Savoir se pardonner

Lorsque je me suis mariée et que j’ai eu mes enfants, je m’étais juré que rien ni personne ne me séparerait du père des enfants ni ne m’éloignerait d’eux. Je m’étais fait cette promesse à moi-même, je l’avais faite à lui aussi et je l’ai même faite devant Dieu à notre mariage. Puis, quand les enfants sont arrivés, je leur ai promis secrètement de toujours leur donner le meilleur de moi-même.

J’ai failli à ma promesse. Je me suis séparée du papa de mes trois versions mini. Ça ne cadrait plus. Ça n’allait même pas mal. Ce n’était juste plus moi alors que cela avait toujours été parfait pendant douze ans. Je ne collais plus à l’image de celle que je regardais chaque matin exécuter la routine familiale comme une automate. Ma vie me semblait d’un ennui impossible. Mes enfants m’exaspéraient à un point que je n’aurais cru possible. Et mon mari passait lentement du chum à l’ami… La raison? Juste la vie, je pense. Je sais, c’est plate comme réponse.

Allez-y, jugez-moi! De quoi peut-on me qualifier? De menteuse? D’irrespectueuse? De paria? Nul besoin d’en rajouter, je me tape sur la tête par moi-même assez fortement, ne vous en faites pas. Parce que malgré les promesses rompues, mes valeurs ne sont pas disparues soudainement. Je ne suis pas devenue une autre personne. Je suis la même. Cette même personne qui croit qu’il faut toujours aller chercher son bonheur où qu’il soit. Celle qui croit à la vie, celle qui est prête à tout pour le meilleur.

La vie est cependant parfois plus complexe qu’une promesse. Il y a parfois plus de facteurs à considérer, plus de variables qui peuvent changer les choses. Et parfois aussi, on abandonne. Ou on change. Ou la vie nous porte ailleurs. Dans un ailleurs où l’on n’aurait jamais cru même exister. Ou toutes ces réponses.

Puis, un bon matin, après les larmes, la colère contre tout et tout le monde à portée de tir à commencer par moi, j’ai vu les choses autrement.
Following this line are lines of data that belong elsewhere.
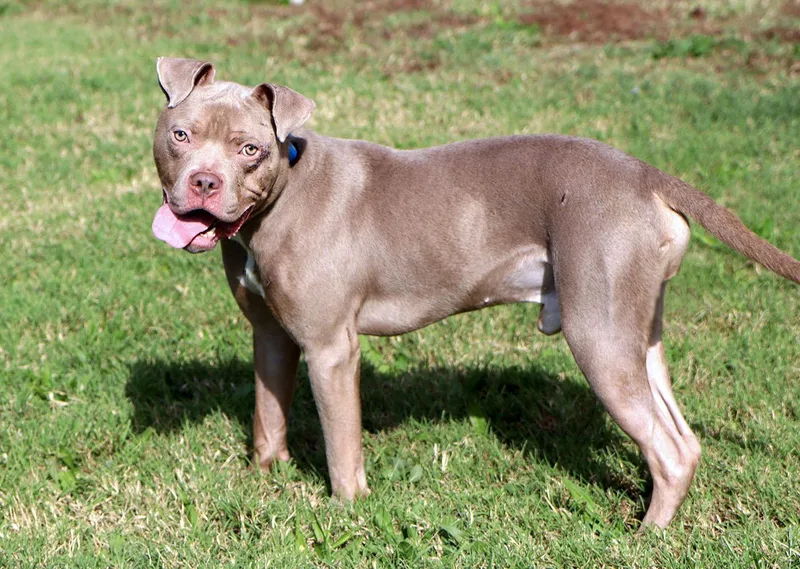 A young medium-sized male Yellow / Tan / Blond / Fawn American Bulldog dog named Smeagol for adoption in Kansas City, KS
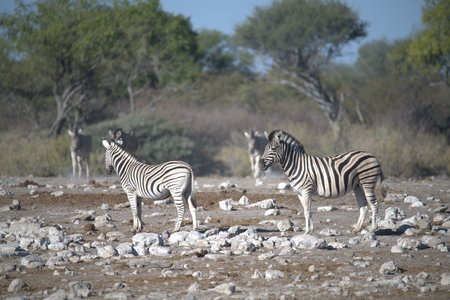 Burchell's Zebra - Equus quagga burchelliの写真素材
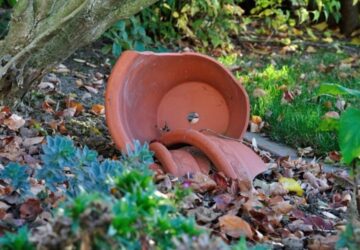 How to Reuse Cracked Flowerpots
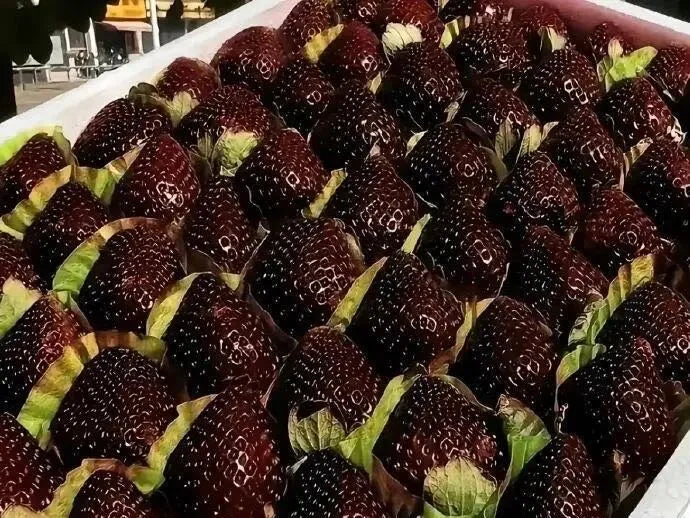 Σπόροι φράουλας Giant Black Diamond – Γλυκοί, πλούσιοι σε θρεπτικά συστατικά και εύκολοι στην καλλιέργεια στο σπίτι-GR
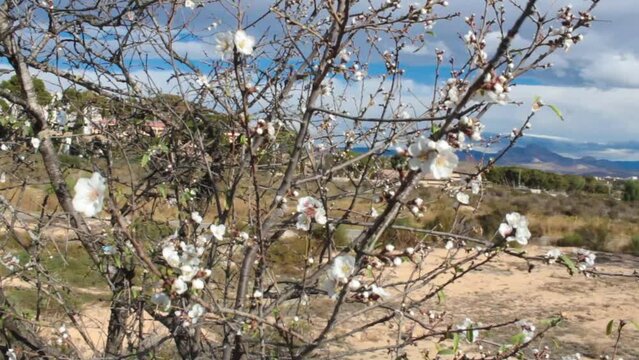 Flores blancas en &aacute;rbol floreciendo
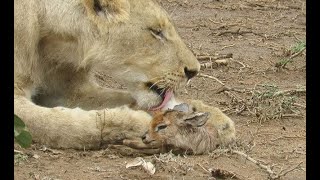 LION SAVES DEER FROM CHEETHA/ANIMALS KINGDOM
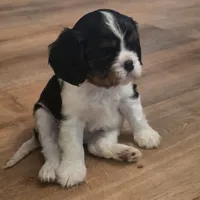 Sherlock, a male Cavalier King Charles Spaniel for sale in Winnsboro, LA – Photo 1 of 7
J’ai compris que même si je rompais une promesse, je respectais tout de même ma promesse aux enfants : celle de toujours leur donner le meilleur de moi. Parce que si le meilleur de moi passe par une nouvelle vie de laquelle leur papa ne fait pas partie (ou du moins, plus comme avant), et bien, ainsi soit-il! J’ai vu qu’il est possible que le meilleur de moi implique des choix et des décisions qui ne feront pas l’unanimité et qui ne se feront pas sans heurts. J’ai compris que pour leur donner le meilleur de moi, je me dois d’être à mon meilleur à moi, peu importe ce que ça implique.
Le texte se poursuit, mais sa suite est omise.